The plane continued its descent into Columbia Metropolitan Airport. Emma watched out the window, feeling the sensation of being pulled into all that color below. The conversation with Robert Adler played over again in her mind. She regretted having said she’d try to return by Friday, feeling coerced by pressure from work, but that was one of the sacrifices she’d made to play at the “A level.”

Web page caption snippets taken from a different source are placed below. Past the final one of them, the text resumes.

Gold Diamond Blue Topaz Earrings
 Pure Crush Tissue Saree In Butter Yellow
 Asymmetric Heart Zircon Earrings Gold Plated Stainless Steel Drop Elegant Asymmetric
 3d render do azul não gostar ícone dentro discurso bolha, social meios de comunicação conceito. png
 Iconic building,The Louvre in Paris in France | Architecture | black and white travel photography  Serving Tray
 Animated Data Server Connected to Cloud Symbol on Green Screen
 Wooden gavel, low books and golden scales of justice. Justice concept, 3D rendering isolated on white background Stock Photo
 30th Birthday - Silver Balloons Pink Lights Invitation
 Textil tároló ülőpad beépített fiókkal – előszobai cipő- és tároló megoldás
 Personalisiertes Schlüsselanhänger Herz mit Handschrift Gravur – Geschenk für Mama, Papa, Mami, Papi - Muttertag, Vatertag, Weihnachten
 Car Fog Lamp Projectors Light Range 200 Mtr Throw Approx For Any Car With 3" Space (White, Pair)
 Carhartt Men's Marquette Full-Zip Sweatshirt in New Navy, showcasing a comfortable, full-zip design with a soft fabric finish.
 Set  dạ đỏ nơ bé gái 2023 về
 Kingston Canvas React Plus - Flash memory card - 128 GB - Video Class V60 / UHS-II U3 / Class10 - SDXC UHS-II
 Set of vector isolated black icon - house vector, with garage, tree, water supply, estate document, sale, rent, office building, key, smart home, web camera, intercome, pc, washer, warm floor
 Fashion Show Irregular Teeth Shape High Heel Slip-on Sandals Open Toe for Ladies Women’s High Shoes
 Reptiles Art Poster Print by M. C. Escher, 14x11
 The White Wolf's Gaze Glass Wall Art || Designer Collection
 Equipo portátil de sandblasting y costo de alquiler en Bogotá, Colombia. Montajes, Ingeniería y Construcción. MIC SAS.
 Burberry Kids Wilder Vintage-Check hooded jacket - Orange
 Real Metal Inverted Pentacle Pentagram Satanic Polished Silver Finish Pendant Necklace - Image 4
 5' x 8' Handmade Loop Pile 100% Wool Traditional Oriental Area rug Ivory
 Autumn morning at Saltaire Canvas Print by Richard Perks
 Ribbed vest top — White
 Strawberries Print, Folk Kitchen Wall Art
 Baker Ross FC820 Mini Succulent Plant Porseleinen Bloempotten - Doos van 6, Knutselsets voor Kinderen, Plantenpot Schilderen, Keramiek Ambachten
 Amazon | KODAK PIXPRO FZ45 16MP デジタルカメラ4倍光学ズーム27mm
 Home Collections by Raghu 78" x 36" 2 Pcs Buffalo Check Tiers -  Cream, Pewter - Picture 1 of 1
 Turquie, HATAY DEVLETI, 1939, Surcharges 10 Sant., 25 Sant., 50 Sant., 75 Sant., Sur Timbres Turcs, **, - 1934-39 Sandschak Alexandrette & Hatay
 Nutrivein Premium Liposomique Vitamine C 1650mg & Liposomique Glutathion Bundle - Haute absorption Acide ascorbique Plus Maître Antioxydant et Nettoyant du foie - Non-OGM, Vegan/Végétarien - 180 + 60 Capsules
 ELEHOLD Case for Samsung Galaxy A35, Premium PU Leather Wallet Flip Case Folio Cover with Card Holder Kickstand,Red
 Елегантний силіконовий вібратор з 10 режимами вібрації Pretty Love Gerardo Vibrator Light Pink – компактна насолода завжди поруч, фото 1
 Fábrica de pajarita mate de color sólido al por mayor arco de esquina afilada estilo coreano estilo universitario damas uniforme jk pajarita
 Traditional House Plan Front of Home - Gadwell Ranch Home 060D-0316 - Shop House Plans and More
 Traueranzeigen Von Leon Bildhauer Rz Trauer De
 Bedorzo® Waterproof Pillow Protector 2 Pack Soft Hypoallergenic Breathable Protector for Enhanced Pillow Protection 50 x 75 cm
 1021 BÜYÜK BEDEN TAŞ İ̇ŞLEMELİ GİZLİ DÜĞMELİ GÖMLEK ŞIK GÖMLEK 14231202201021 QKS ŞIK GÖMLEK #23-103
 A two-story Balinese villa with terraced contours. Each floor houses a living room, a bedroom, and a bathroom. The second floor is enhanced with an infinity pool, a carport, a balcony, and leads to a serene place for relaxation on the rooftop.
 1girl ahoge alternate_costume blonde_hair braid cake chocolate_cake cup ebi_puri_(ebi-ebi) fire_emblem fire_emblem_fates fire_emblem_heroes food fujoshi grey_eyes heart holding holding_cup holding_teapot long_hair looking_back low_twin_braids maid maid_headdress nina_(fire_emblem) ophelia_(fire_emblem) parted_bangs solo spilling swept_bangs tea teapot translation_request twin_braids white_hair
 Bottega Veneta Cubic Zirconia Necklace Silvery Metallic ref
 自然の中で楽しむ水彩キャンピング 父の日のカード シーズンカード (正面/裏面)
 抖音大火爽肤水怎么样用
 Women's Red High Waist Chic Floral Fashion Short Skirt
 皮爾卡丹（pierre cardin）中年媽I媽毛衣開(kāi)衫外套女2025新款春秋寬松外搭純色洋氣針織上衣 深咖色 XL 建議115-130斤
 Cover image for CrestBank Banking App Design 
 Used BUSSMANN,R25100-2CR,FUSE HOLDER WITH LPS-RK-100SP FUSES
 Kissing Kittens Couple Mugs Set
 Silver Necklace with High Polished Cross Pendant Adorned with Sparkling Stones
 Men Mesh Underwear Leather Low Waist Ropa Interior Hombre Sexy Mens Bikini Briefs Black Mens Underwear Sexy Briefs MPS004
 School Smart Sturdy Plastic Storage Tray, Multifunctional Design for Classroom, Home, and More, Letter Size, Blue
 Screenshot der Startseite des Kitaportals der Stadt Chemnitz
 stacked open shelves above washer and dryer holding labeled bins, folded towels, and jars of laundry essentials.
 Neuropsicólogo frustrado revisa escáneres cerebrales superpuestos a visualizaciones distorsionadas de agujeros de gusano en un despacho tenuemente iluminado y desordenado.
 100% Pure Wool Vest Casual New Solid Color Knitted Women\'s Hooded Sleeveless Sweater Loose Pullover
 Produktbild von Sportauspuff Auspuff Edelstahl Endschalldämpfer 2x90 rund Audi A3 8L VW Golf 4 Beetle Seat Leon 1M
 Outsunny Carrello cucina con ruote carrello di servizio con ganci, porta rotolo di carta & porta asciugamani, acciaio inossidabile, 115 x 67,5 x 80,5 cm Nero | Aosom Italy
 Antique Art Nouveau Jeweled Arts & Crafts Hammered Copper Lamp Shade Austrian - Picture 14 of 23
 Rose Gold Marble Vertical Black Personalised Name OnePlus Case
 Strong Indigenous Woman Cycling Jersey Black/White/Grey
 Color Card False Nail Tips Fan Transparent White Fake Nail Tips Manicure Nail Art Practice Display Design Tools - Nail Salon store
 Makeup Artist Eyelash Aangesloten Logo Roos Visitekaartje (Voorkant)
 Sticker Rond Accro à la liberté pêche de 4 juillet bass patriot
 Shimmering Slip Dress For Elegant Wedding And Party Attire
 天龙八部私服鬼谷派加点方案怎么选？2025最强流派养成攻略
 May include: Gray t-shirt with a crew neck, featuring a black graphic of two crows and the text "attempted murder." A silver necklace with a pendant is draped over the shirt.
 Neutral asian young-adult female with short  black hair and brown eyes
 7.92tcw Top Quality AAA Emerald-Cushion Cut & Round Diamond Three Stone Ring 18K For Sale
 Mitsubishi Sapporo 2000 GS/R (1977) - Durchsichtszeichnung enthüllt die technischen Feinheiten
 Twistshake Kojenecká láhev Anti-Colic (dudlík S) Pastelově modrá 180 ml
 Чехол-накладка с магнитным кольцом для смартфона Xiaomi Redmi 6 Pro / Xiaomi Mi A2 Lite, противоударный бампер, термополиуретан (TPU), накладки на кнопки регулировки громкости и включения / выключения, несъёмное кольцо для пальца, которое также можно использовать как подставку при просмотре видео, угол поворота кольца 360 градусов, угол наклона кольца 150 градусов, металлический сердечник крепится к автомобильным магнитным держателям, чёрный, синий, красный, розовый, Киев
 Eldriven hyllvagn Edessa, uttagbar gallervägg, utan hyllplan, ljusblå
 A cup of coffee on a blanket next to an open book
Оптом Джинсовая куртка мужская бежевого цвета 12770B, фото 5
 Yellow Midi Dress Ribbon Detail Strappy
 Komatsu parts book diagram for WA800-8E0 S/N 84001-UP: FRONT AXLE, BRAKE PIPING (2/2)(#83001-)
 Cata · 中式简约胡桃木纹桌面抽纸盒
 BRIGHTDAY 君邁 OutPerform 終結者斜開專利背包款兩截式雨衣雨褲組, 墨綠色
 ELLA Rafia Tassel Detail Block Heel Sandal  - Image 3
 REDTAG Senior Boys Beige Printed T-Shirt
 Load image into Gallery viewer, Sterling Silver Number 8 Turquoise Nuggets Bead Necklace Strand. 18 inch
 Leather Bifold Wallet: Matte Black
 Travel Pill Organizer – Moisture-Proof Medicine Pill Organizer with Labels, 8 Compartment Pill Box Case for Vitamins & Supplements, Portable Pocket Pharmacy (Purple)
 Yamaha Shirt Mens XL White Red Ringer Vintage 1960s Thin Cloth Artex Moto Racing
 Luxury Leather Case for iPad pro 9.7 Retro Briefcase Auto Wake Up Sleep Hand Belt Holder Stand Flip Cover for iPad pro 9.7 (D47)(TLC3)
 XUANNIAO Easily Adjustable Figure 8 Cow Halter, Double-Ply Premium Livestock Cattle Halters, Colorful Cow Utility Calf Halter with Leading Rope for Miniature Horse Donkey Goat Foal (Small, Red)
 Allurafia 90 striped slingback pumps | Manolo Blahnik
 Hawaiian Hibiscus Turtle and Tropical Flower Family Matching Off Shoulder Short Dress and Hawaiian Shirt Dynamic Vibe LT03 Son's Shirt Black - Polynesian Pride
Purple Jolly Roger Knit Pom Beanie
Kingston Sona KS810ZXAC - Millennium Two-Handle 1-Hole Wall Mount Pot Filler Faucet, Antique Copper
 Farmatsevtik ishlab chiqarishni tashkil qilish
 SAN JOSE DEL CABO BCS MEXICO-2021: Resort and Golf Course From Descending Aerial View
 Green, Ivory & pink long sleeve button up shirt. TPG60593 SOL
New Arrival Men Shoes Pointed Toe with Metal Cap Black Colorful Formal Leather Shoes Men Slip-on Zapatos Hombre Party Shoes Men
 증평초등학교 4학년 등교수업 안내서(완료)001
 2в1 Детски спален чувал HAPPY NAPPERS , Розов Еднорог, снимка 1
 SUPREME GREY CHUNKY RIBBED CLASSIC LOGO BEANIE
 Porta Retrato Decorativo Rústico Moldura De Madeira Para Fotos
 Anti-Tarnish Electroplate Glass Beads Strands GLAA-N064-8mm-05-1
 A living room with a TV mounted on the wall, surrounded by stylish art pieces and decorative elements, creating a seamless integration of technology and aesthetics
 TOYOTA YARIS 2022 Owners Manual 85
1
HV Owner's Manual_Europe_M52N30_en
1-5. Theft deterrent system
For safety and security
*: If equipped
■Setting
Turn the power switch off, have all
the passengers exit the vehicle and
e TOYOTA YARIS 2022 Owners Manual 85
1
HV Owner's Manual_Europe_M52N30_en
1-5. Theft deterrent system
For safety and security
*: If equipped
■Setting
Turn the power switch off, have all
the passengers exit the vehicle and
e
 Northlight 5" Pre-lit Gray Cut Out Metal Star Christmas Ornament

Emma had seen the firm ask its associates to put business ahead of family before. As a single woman and a partner in the firm, she’d even been in favor of the practice. The demand seemed reasonable for any ambitious law firm, but suddenly the rule seemed harsh and distasteful. Not least of all because she’d been placing her own career before family for most of the last twelve years. The regret stung.
Emma thought about Samantha and Christina, too. They would want to know why she hadn’t seen or spoken to them in the past twelve years. Both women deserved better friendship from her. Neither had a clue why it had been impossible for Emma to stay in Juneberry.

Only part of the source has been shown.